At 11 o’clock that morning he telegraphed that all efforts to re-establish his lines had been utterly unsuccessful. Immediately began among the officials in Richmond a scurry and panic. Still the majority of the people were in the dark, and, refusing to believe their eyes, so remained, many of them, till night. The gold and silver coin belonging t the Louisiana banks, and recently appropriated by the Confederate Congress, was to run down to the Danville train with hot haste. So also was the specie of the Richmond banks. Then the programme for the departure of the officials was arranged. A number of trains were to leave during the evening; still there was not room for all who thought it desireable to get away. Davis was to depart at 7 o’clock, P. M. Breckinridge elected to go off on horseback, with the last of the army, on Monday morning.
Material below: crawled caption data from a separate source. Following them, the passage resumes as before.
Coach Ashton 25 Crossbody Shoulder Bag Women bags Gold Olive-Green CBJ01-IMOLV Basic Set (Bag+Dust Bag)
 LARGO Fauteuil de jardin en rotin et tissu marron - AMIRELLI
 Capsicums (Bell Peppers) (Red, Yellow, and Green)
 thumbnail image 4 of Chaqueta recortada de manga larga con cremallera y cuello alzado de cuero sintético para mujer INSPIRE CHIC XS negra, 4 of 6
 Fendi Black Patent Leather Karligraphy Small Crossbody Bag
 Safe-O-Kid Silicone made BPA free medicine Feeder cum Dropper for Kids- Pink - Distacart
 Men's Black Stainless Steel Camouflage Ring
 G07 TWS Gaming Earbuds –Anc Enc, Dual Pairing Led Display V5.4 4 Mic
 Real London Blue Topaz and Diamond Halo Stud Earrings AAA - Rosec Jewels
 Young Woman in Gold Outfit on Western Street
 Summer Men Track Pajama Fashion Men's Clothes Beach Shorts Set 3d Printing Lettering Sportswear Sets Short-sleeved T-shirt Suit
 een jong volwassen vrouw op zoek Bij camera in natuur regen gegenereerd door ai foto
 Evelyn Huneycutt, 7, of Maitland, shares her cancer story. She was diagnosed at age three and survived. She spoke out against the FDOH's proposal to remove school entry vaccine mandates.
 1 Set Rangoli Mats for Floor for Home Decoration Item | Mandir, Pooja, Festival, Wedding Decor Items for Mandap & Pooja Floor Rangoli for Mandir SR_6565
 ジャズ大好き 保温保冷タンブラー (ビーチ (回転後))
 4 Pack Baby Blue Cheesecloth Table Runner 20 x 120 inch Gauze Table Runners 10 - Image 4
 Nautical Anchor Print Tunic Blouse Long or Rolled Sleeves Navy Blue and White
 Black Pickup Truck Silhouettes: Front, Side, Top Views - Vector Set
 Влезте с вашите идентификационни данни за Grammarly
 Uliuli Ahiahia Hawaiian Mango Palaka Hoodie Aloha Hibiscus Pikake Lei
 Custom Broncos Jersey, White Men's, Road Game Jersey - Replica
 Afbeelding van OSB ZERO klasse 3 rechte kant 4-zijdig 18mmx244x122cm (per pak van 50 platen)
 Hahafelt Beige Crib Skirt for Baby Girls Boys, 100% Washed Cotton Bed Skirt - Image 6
At the request of the Mayor, a meeting of the Council was held Sunday evening, at 4 o’clock, to consult as to what was best to be done under the circumstances. Governor Smith, being invited to attend this meeting, almost convinced the Council that the Confederate arms had been victorious at Petersburg, and that Richmond was not to be evacuated. He, however, managed to become better informed some hours afterwards, and ran off on horseback some time during the night.

The Council, after much discussion, passed a resolution appointing committees for each of the three wards, who should, when the fact that the city was about to be abandoned should be ascertained, proceed to destroy all the alcoholic liquors in their respective wards, giving the Council’s receipt for the same, to be paid for hereafter. The object of this step is obvious - to prevent disorder resulting from the intoxication of the troops of either army, and of the evil-disposed among the citizens. The order of the Council was only partially executed, but there is no doubt that much evil was arrested.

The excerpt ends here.